The second very interesting speech was given by Beck Cronin-Dixon, data-engineer at Eventbrite.
She explained how to build basic ETLs very performant depending on the use cases. She suggested 4 different ingestion approaches for doing near real-time analytics:
- Full overwrite: This strategy is very simple, every time the Spark job reads the whole batch of data, transforms it, and stores it overwriting previous results. It is very simple to implement but it has very high latency since there is a significant load on real-time db.
- Batch incremental merge: In this case, the job gets new/changed rows, then it appends them to previous results. If there is inconsistency with duplicated rows, then there must be a process that fixes those. It clearly has a lower load on real-time but it requires reliable incremental fields, or a second process has to be run, and that introduces a high latency too.
- Append-only: A slight version of the previous approach is to query the real-time db for new-changed rows, then coalesce and write new part files.
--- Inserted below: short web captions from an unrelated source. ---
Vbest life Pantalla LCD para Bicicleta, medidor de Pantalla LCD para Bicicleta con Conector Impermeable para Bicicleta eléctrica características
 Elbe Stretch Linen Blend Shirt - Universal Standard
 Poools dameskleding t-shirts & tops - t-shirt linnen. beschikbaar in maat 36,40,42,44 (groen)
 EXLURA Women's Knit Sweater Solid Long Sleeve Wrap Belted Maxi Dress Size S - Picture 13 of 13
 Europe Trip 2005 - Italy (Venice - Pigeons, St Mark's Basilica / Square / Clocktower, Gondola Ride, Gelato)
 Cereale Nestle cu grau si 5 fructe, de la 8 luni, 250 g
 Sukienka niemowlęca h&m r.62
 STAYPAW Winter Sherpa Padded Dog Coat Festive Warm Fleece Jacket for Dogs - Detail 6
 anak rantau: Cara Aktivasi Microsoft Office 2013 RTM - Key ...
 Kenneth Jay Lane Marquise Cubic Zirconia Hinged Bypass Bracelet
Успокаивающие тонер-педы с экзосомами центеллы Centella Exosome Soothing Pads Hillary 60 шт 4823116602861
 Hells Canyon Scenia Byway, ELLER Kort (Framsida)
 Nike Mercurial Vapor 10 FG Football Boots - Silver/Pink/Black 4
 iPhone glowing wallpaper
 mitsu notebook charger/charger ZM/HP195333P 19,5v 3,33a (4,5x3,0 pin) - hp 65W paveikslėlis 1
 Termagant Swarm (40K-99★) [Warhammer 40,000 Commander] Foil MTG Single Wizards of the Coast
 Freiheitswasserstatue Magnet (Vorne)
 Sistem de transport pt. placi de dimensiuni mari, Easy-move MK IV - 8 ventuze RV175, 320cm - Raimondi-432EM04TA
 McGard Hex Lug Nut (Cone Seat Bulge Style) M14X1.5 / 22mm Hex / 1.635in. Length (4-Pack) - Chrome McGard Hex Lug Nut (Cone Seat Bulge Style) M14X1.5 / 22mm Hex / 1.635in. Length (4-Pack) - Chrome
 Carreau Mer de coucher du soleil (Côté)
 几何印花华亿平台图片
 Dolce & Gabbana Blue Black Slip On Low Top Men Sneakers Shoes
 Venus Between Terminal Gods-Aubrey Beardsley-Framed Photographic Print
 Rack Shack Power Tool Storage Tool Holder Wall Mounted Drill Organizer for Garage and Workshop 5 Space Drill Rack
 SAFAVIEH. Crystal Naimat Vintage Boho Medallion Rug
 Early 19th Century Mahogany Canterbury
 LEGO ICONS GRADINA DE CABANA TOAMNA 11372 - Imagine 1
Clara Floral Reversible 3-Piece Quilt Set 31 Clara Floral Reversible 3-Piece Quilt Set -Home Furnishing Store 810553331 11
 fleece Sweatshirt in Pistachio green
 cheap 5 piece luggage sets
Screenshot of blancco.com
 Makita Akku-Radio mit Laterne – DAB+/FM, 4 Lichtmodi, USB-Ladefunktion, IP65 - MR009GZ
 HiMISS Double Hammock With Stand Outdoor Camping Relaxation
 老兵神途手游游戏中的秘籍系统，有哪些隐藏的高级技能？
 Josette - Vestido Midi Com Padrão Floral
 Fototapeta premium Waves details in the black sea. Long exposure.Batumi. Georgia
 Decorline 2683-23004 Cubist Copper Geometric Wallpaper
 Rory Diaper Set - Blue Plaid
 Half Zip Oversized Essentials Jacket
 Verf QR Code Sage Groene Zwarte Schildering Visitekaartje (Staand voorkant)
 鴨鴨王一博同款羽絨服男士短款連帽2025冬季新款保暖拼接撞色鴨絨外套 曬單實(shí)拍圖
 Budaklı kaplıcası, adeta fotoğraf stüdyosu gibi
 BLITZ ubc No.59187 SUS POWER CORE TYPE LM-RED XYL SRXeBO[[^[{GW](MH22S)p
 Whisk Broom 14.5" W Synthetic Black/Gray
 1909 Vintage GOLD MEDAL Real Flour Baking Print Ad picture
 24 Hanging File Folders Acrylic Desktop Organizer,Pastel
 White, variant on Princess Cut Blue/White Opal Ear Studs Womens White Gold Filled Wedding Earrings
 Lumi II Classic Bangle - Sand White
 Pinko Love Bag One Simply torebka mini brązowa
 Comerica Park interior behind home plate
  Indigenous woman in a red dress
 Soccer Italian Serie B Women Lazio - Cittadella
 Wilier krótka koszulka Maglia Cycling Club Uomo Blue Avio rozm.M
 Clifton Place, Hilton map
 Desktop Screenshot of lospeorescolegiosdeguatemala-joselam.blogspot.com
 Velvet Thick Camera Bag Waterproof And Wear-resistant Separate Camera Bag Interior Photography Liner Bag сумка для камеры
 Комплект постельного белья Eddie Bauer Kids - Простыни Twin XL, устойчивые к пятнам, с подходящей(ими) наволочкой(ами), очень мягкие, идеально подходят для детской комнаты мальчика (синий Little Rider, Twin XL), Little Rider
Finally, it runs a compaction job hourly.
Good: latency in minutes. Ingestion is easy to implement. Simplifies data lake.
Bad: require a compaction process. Extra logic in the queries.
- Key-value store: If our use case is a key-value data, then the problem with duplicates might not be such since it can simply overwrite or append to what was already there.
Good: straightforward to implement. good bridge between data lake and web services
Bad: Batch writes to a key value store are slower than using hdfs. Not optimized for large scans.
- Hybrid: This last strategy ingests from DB transaction logs in Kafka, then merges new rows to base rows and store transaction IDs in the base table. The duplicate rows can be removed on-the-fly if necessary.
- Good: Very fast, relatively easy to implement.
- Bad: The streaming merge is complicated, and the processing is required on the read part.
base_events_df = spark.read.parquet(“hdfs://user/warehouse/events”)# get new rows from mysql
new_mysql_events_df = get_events_jdbc_reader(numPartitions=40) \
.option(“partitionColumn”, “changed”) \
.option(“lowerBound”, max_changed_in_hdfs) \
.option(“upperBound”, max_changed_in_mysql) \
.filter(F.col(“changed”) >= F.lit(max_changed_in_hdfs))# merge the base table and stream, then deduplicate
.orderBy(“id”, F.col(“changed”).desc()) \
.createOrReplaceTempView(“events_live”)spark.sql(“select …….. from events_live”)
At Retargetly we have dealt with a diverse range of pipelines, and all of them have different requirements. The hybrid approach is something that we are going to test for sure in the short term since it is very promising.
Overall, this summit tells us that we have made the right choice since Spark tends to keep being on top of the most adopted technology in the industry.
We started working with Spark a couple of months ago and it has been quite tough I should say, but its benefits are astonishing and coding with map-reduce paradigm is a ton of fun!